Mi jefe se dirige hacia su asiento y se acomoda en él. Su vista está en mi rostro, el cual intento mantener impasible pese a que siento que las piernas me tiemblan.

—Dígame, señor Elwood, ¿qué…?

—Debemos suspender sus visitas al departamento —dice sin más, como si se tratara de algo sin importancia—. Ella se instalará allí.

Asiento despacio, aunque los ojos me traicionan y mi vista se va al suelo para ocultar mis lágrimas. Esto está doliendo de una manera insoportable.

—Los dos sabíamos que llegaría la hora de que me casara —continúa—. Ha llegado la hora, debo formalizar con ella.

—¿Debe o quiere? —me atrevo a preguntar.

—Da lo mismo. Míreme cuando le hablo, Mills.

Luego de pasar saliva, volteo a verlo.

—Entiendo —respondo con voz débil—. Entiendo que esto terminó y que no debo entrometerme más en su vida. Con su permiso, señor.

—No le he dicho que se vaya.

—Pero para mí sería más cómodo irme. Necesito traer la agenda —respondo con una inusitada valentía.

No sé de dónde estoy sacando coraje para responder de esta forma, pero me alegra. No quiero parecer débil, no quiero hacerle saber que me importa tanto como me importa.

Me doy la media vuelta y camino hacia la puerta, pero antes de que pueda abrirla, tengo al señor Wood detrás de mí, respirándome en la nuca y presionando su cuerpo contra el mío para aprisionarme.

—Sigues siendo mía, Aria —me susurra. Aquella intensidad con la que dice esas palabras me provoca un estremecimiento—. El que me case no cambia las cosas entre nosotros.

—Pero…

—No hay peros. Durante un tiempo dejaremos de vernos, pero no te voy a liberar. Las cosas van a volver a ser iguales.

—¿Por qué, señor? Yo no quiero seguir siendo su amante si se casa. Yo…

—¿Acaso deseas que hunda a tu hermano en la miseria?

—No se atrevería —digo entre dientes—. No, no puede…

—Claro que puedo —reitera—. Y también la tuya. No puedes involucrarte con nadie más.

Su cuerpo me presiona más y me doy cuenta de que está excitado. Yo me encuentro asustada, pero no le soy indiferente. Mi cuerpo comienza a reaccionar ante sus besos en mi cuello y su respiración agitada. Nunca hemos vuelto a involucrarnos en la oficina, con excepción de aquel primer beso en donde se inició todo.
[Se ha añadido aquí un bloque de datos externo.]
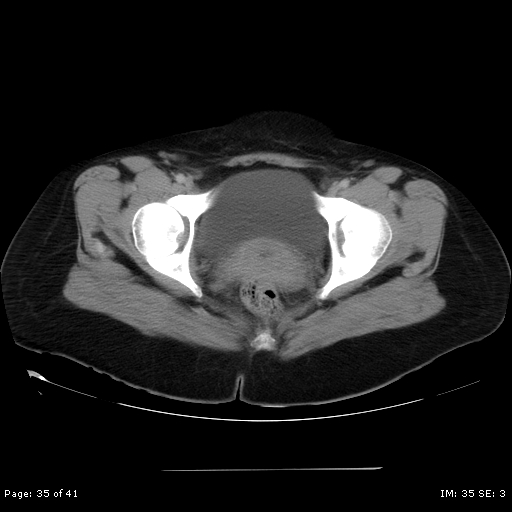 File:Abdominal wall endometriosis (Radiopaedia 25723-25885 Axial C+ portal venous phase 35).jpg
A pesar de todo eso, pienso en el bebé que llevo en mi vientre. Ahora menos que nunca se puede enterar de que lo llevo, ya que eso arruinará sus planes de matrimonio.
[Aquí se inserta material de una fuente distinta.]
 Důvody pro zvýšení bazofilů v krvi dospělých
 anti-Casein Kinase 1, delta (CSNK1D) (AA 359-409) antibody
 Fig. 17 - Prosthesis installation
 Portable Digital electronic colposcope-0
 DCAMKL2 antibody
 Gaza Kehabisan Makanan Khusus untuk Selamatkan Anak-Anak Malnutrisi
—Puede irse —me dice él de pronto, alejándose de mí—. Traiga la agenda dentro de diez minutos, Mills.

—De acuerdo, señor.

Salgo de aquella oficina sintiéndome terrible y con muchas náuseas. No obstante, respiro profundo y tato de seguir con mi trabajo. Debo aprovechar que el señor Elwood me ha pedido un tiempo.

En ese tiempo debo arreglármelas para desaparecer de su vida y dar a luz a mi hijo.